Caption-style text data
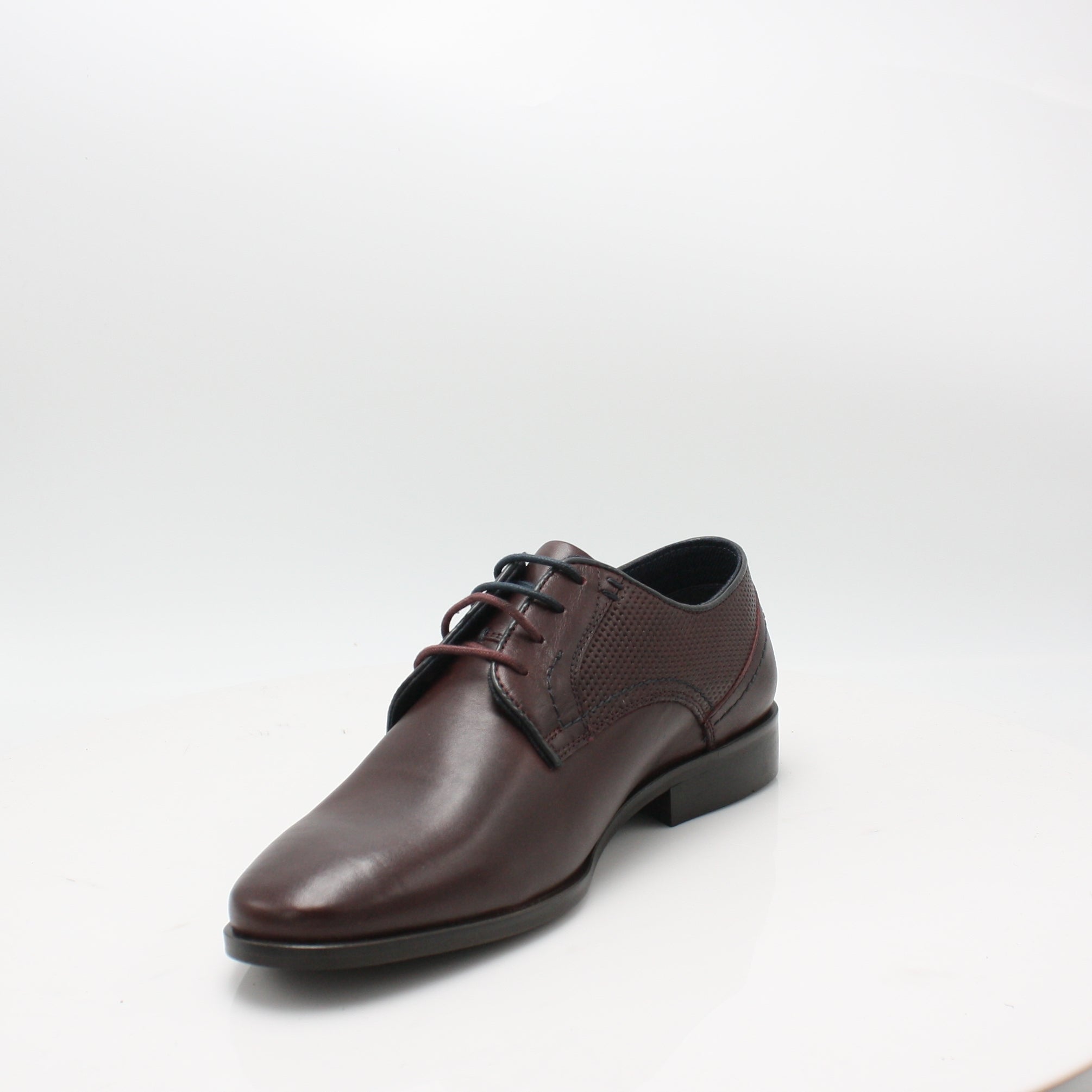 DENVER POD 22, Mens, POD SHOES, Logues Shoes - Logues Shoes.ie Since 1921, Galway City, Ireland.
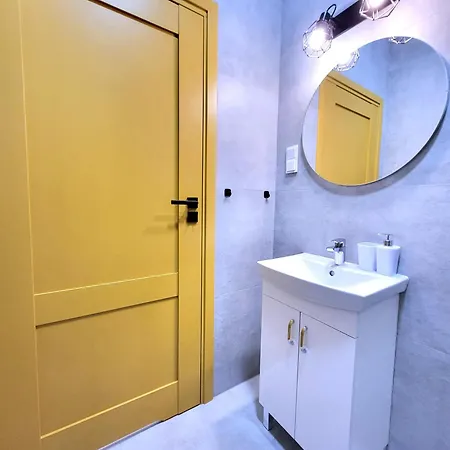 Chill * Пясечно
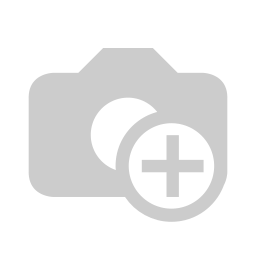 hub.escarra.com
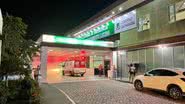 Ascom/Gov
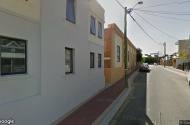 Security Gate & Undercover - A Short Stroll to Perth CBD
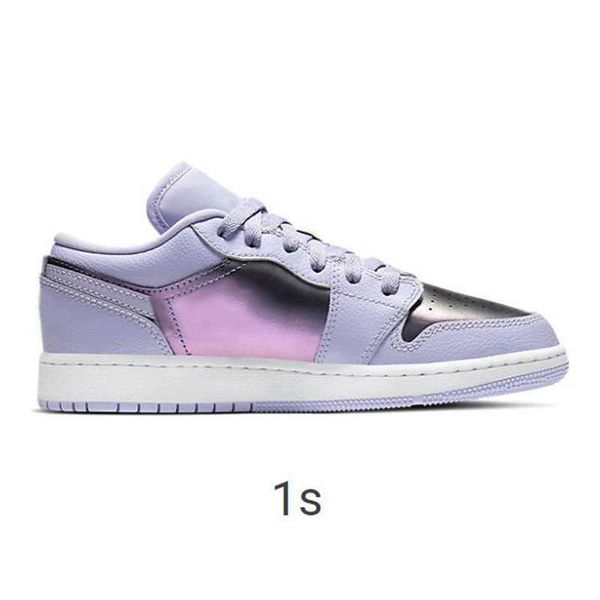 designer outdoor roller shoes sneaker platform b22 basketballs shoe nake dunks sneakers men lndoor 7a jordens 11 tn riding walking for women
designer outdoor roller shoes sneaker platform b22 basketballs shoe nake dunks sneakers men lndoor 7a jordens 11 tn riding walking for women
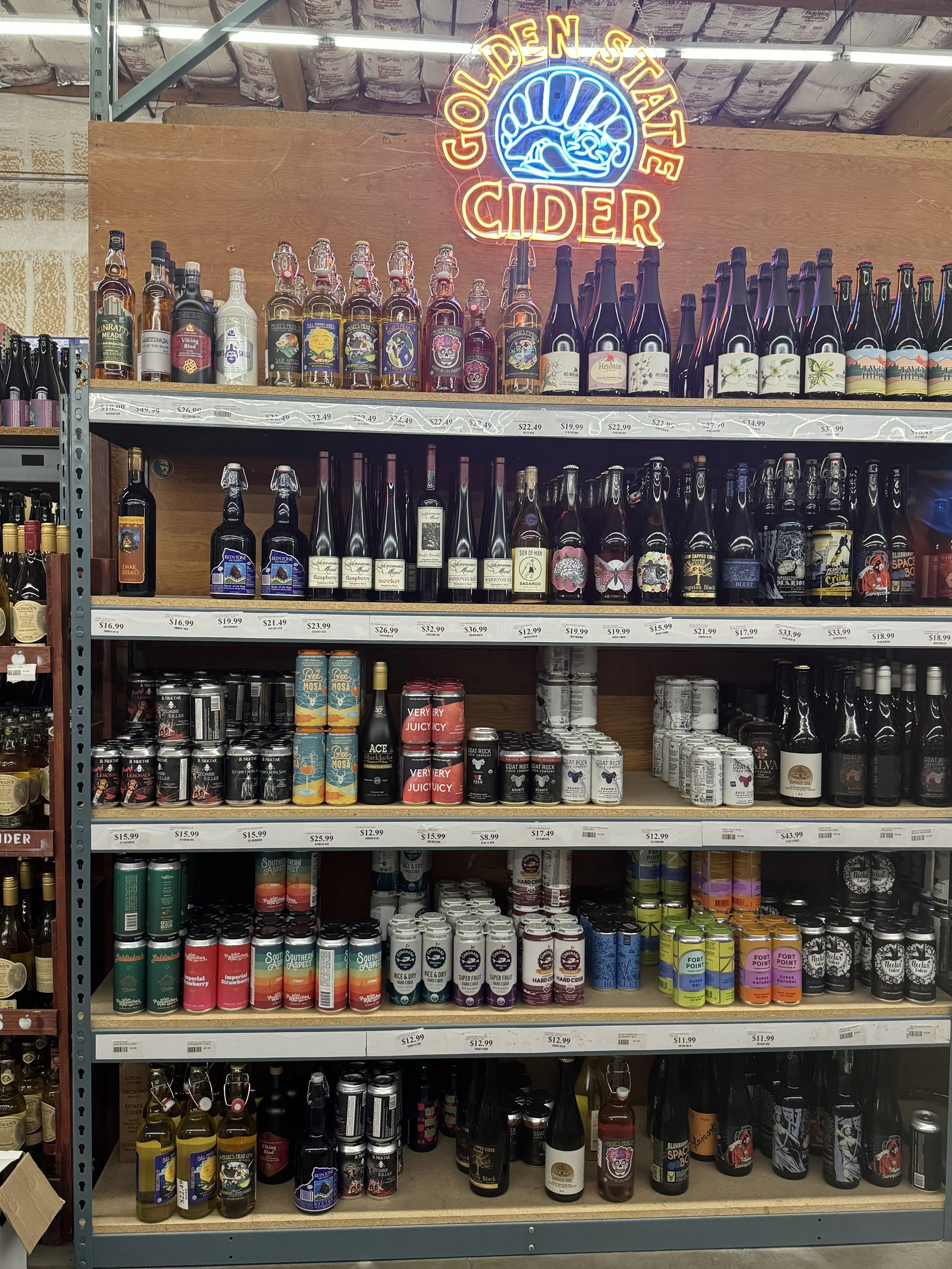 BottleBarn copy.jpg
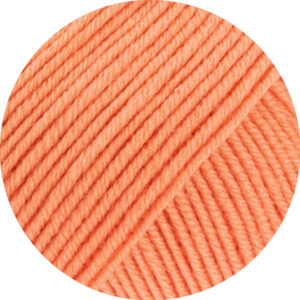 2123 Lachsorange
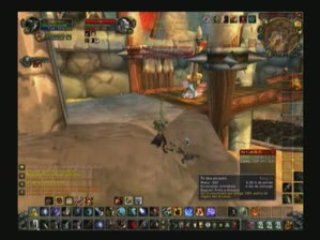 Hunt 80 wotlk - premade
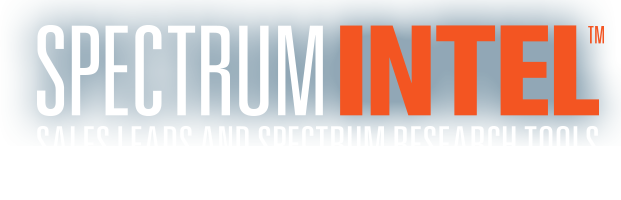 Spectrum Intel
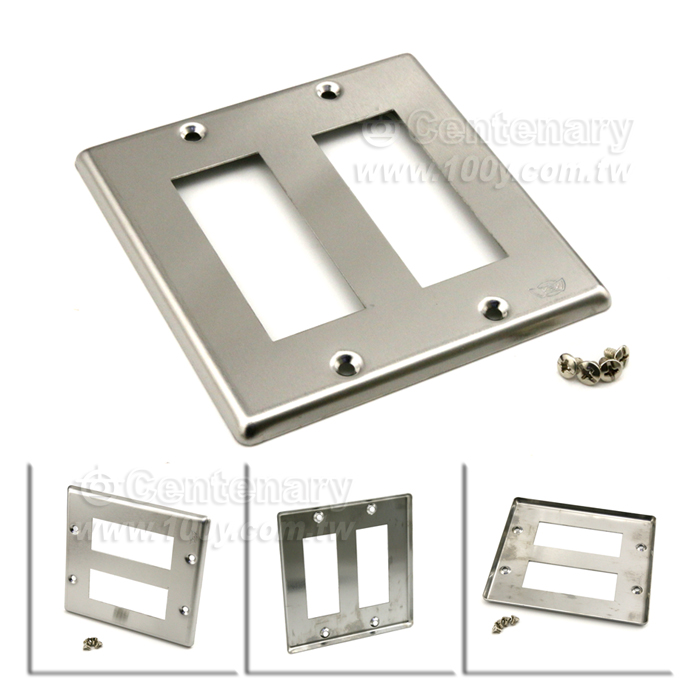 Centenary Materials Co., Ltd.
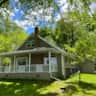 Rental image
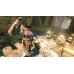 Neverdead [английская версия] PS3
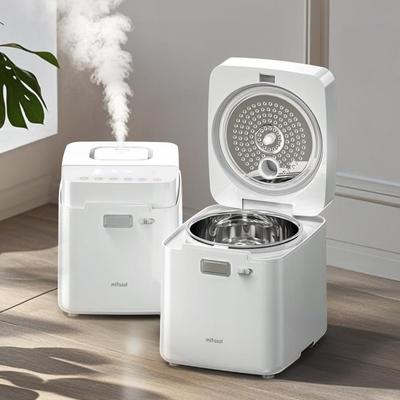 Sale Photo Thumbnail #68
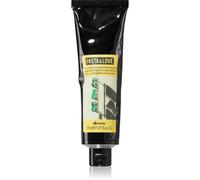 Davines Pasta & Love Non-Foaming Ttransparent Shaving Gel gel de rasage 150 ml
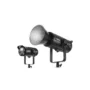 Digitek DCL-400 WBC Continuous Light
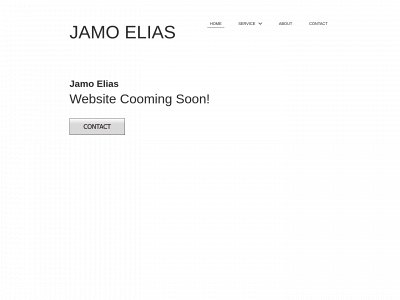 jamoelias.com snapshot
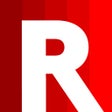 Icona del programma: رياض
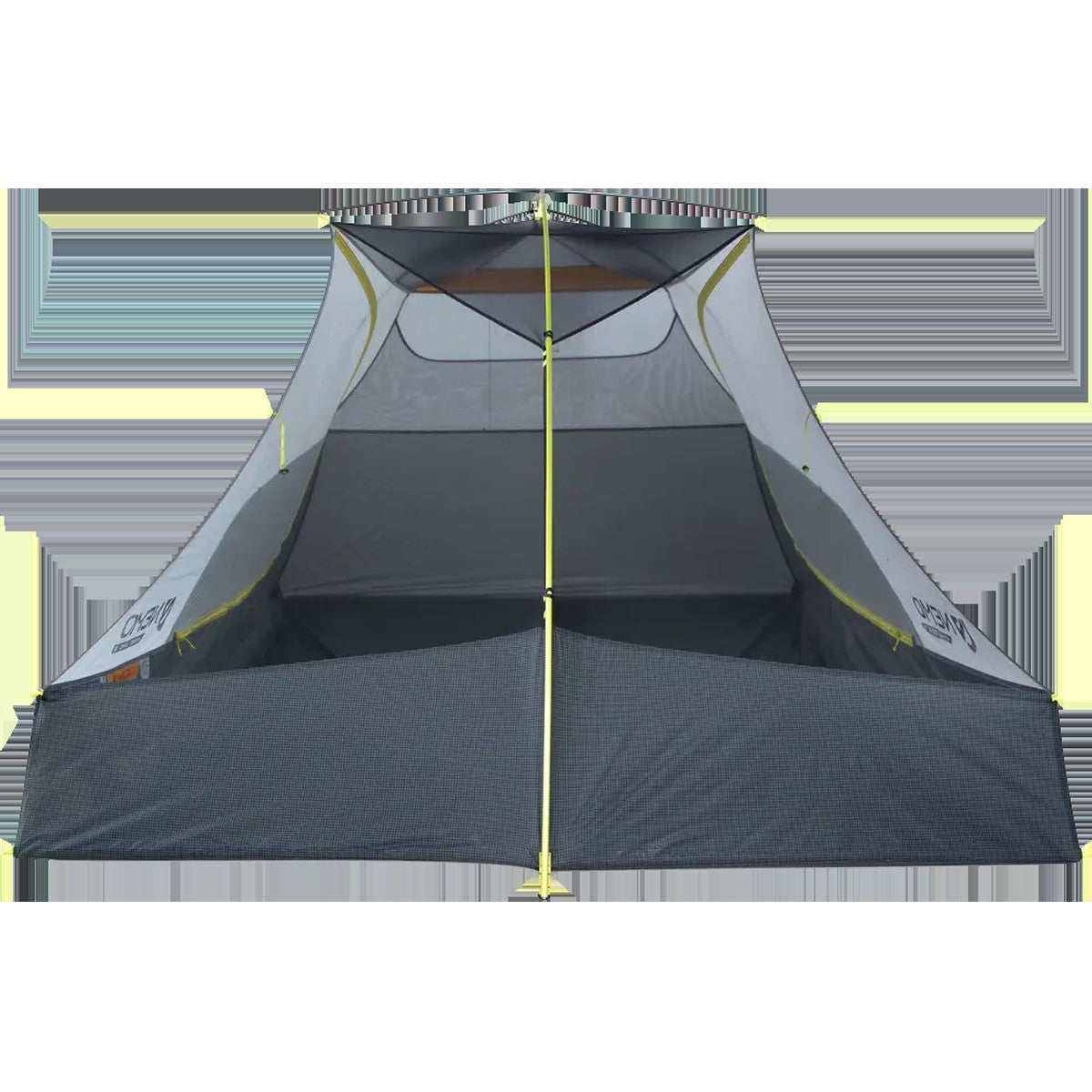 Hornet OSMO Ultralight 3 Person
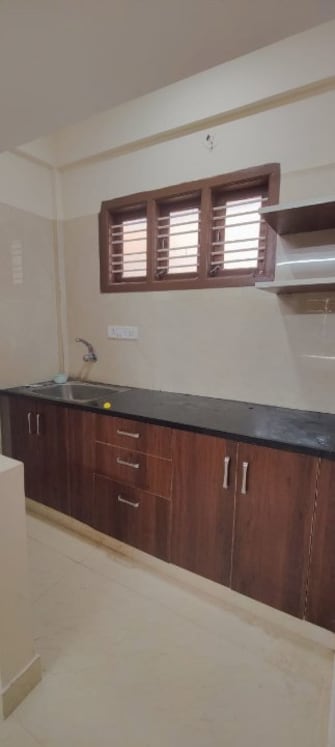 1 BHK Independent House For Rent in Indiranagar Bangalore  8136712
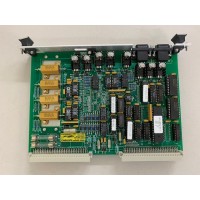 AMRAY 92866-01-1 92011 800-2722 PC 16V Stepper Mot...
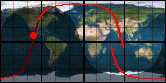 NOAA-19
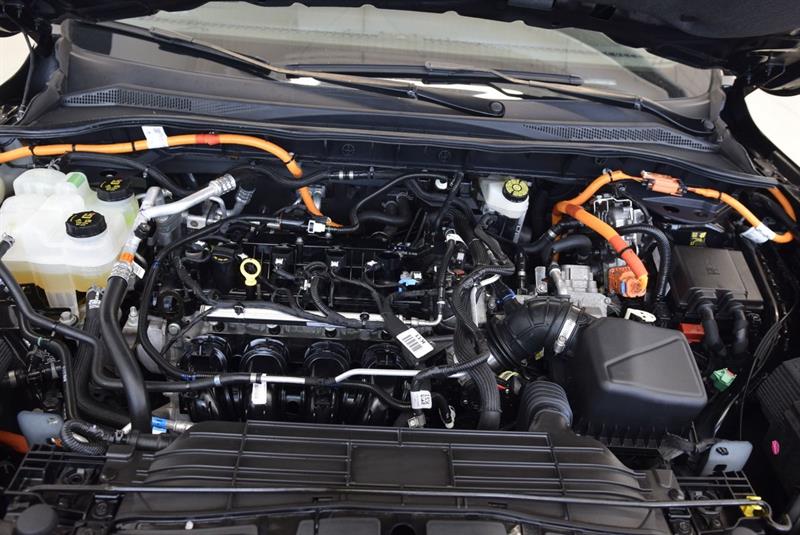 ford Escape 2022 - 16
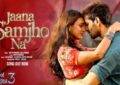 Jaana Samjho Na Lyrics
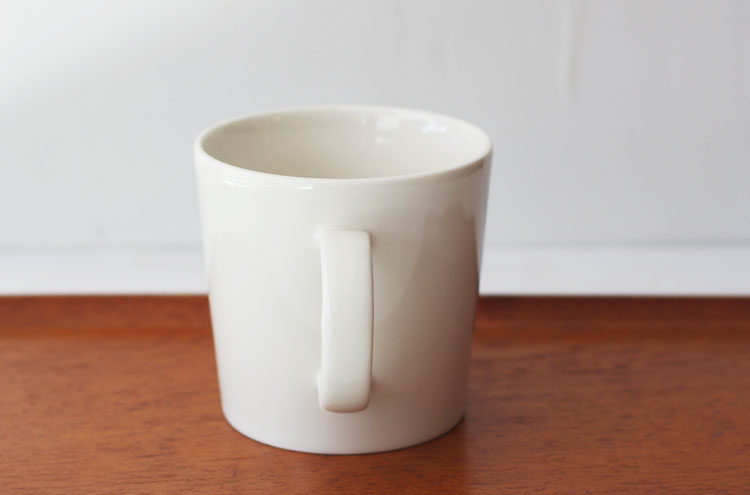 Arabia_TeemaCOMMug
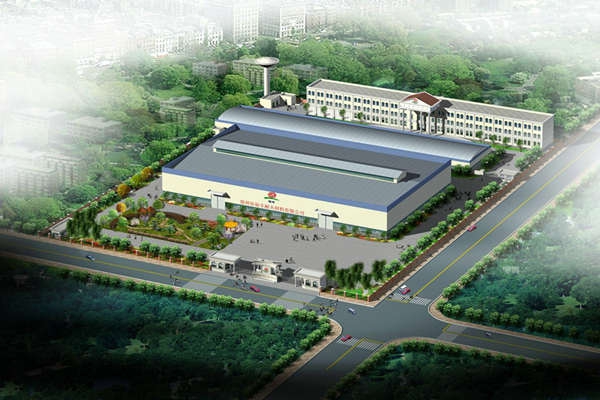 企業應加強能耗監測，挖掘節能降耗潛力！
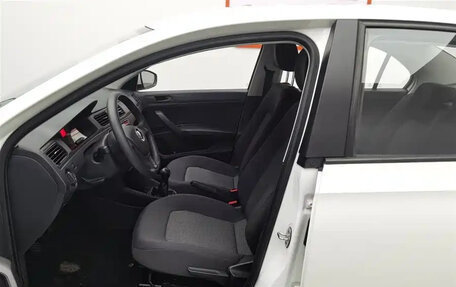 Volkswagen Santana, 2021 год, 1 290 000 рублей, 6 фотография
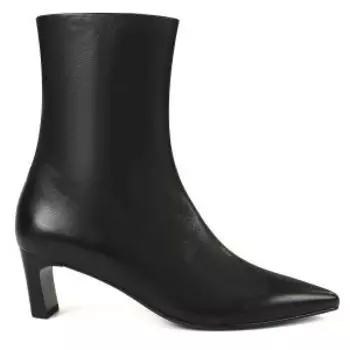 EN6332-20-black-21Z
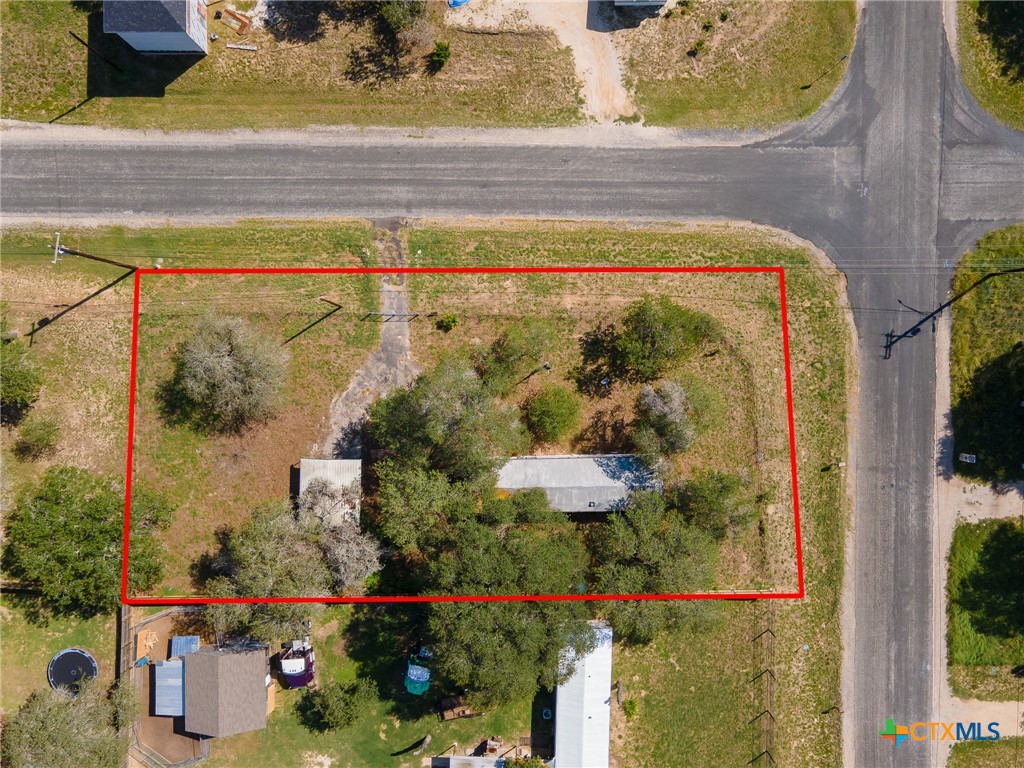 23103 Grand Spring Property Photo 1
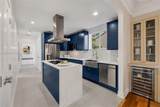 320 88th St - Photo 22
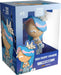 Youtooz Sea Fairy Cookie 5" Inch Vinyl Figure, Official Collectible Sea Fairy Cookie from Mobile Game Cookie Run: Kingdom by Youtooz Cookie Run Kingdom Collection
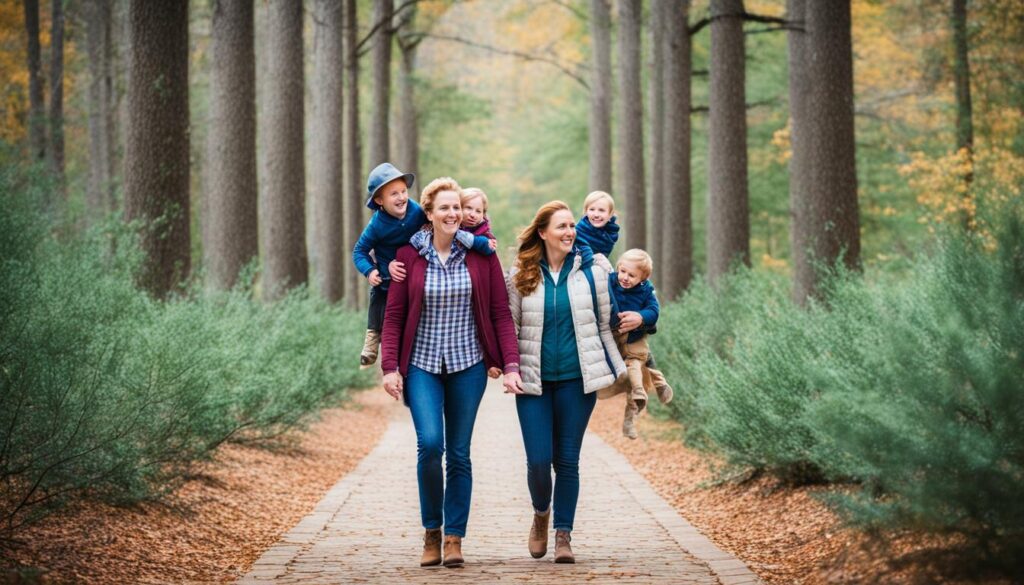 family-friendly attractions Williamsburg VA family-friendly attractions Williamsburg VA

Task objective
Begin at the first line of the records. Print every line through the one containing "ford Escape 2022 - 16" exactly, but skip the pictures.

Answer box
 DENVER POD 22, Mens, POD SHOES, Logues Shoes - Logues Shoes.ie Since 1921, Galway City, Ireland.
 Chill * Пясечно
 hub.escarra.com
 Ascom/Gov
 Security Gate & Undercover - A Short Stroll to Perth CBD
 designer outdoor roller shoes sneaker platform b22 basketballs shoe nake dunks sneakers men lndoor 7a jordens 11 tn riding walking for women
designer outdoor roller shoes sneaker platform b22 basketballs shoe nake dunks sneakers men lndoor 7a jordens 11 tn riding walking for women
 BottleBarn copy.jpg
 2123 Lachsorange
 Hunt 80 wotlk - premade
 Spectrum Intel
 Centenary Materials Co., Ltd.
 Rental image
 Neverdead [английская версия] PS3
 Sale Photo Thumbnail #68
 Davines Pasta & Love Non-Foaming Ttransparent Shaving Gel gel de rasage 150 ml
 Digitek DCL-400 WBC Continuous Light
 jamoelias.com snapshot
 Icona del programma: رياض
 Hornet OSMO Ultralight 3 Person
 1 BHK Independent House For Rent in Indiranagar Bangalore  8136712
 AMRAY 92866-01-1 92011 800-2722 PC 16V Stepper Mot...
 NOAA-19
 ford Escape 2022 - 16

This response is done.